Sample size calculationΒΆ

Due to complexities such as the difference between omnibus and continuum-level powers, power1d does not directly support sample size calculation. Nevertheless, the sample sizes required to achieve certain powers can be estimated through iterative simulations as demonstrated below.
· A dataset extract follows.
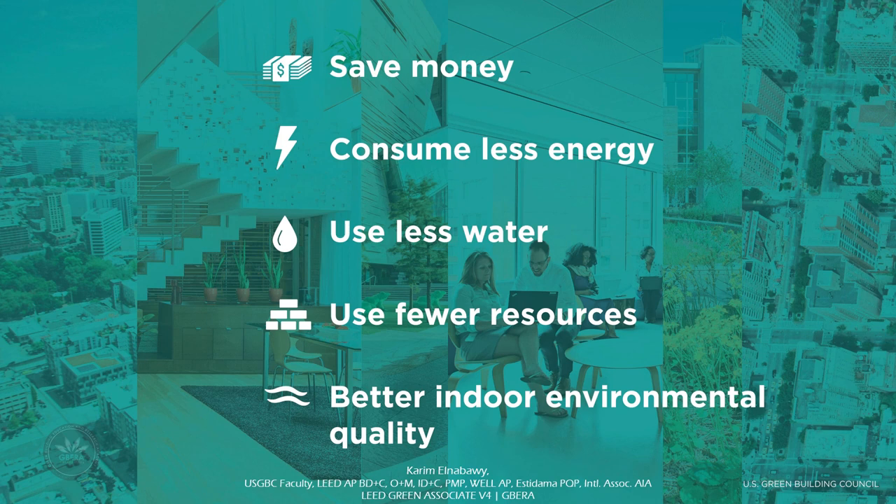LEED buildings also offer faster lease-up rates such as 20% above average, command rates as much as 10% above market value, and reduced risk. In addition, LEED certified buildings have around 34% lower CO2 emissions, consume 25% less energy, consume 11% less water, and have diverted more than 80 million tons of waste from landfills.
First build null and alternative models as follows:

import power1d

#(0) Create geometry and noise models:
J         = 5    # sample size
Q         = 101  # continuum size
q         = 65   # signal location
baseline  = power1d.geom.Null(Q=Q)
signal0   = power1d.geom.Null(Q=Q)
signal1   = power1d.geom.GaussianPulse(Q=101, q=q, amp=1.3, sigma=10)
noise     = power1d.noise.Gaussian(J=5, Q=101, sigma=1)
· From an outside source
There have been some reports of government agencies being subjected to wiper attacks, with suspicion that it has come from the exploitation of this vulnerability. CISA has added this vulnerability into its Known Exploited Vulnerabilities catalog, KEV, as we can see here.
#(1) Create data sample models:
model0    = power1d.models.DataSample(baseline, signal0, noise, J=J)  #null
model1    = power1d.models.DataSample(baseline, signal1, noise, J=J)  #alternative

#(2) Visualize the models:
model0.plot( color='k' )
model1.plot( color='r' )

(Source code, png, hires.png, pdf)

../_images/SampleSize-1.png

The goal is to compute the sample size J that will allow us to detect the modeled signal with a certain probability (usually 0.8). To do that iteratively simulate null and alternative experiments, and for each iteration store the power parameter of interest. In the script below both omnibus power and center-of-interest (COI) power (with a radius of 3) are saved for each iteration and plotted at the end.

import numpy as np
from matplotlib import pyplot
import power1d

#(0) Create geometry and noise models:
J          = 5    # sample size
Q          = 101  # continuum size
q          = 65   # signal location
baseline   = power1d.geom.Null(Q=Q)
signal0    = power1d.geom.Null(Q=Q)
signal1    = power1d.geom.GaussianPulse(Q=101, q=q, amp=1.3, sigma=10)
noise      = power1d.noise.Gaussian(J=5, Q=101, sigma=1)
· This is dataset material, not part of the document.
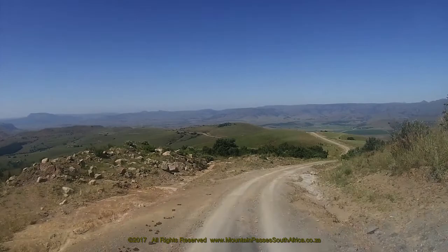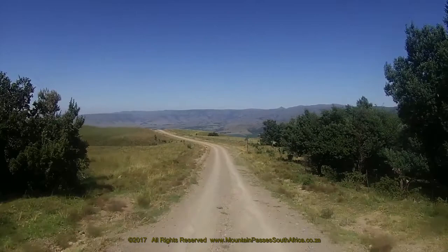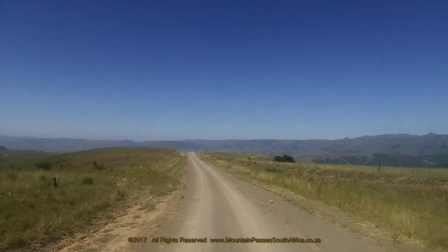The steep descending continues for another 800 meters after you've reached the end of the concrete paving, passing through some easy curves and corners. Towards the end of this descent section, the road widens and the surface improves considerably, allowing you to relax a little, although the pass is by no means over.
#(1) Create data sample models:
model0     = power1d.models.DataSample(baseline, signal0, noise, J=J)  #null
model1     = power1d.models.DataSample(baseline, signal1, noise, J=J)  #alternative

#(2) Iteratively simulate for a range of sample sizes:
np.random.seed(0)    #seed the random number generator
JJ         = [5, 6, 7, 8, 9, 10]  #sample sizes
tstat      = power1d.stats.t_1sample  #test statistic function
emodel0    = power1d.models.Experiment(model0, tstat) # null
emodel1    = power1d.models.Experiment(model1, tstat) # alternative
sim        = power1d.ExperimentSimulator(emodel0, emodel1)
### loop through the different sample sizes:
power_omni = []
power_coi  = []
coir       = 3
for J in JJ:
        emodel0.set_sample_size( J )
        emodel1.set_sample_size( J )
        results = sim.simulate( 1000 )
        results.set_coi( ( q , coir ) )  #create a COI at the signal location
        power_omni.append( results.p_reject1 )  #omnibus power
        power_coi.append( results.p_coi1[0] )   #coi power

#(3) Plot the results:
ax = pyplot.axes()
ax.plot(JJ, power_omni, 'o-', label='Omnibus')
ax.plot(JJ, power_coi,  'o-', label='COI (radius=%d)' %coir)
ax.axhline(0.8, color='k', linestyle='--')
ax.set_xlabel('Sample size', size=14)
ax.set_ylabel('Power', size=14)
ax.legend()
pyplot.show()

(Source code, png, hires.png, pdf)

../_images/SampleSize-2.png

These results suggest that the omnibus power reaches 0.8 for a sample size of J = 7 but that a sample size of J = 9 is needed for COI power of 0.8.

Note that the power vs. sample size curves are not smoothly increasing due to relatively small number of simulation iterations (1000). They will be more accurate for a larger number number of iterations, but the sample sizes required to achieve certain powers will likely not change dramatically.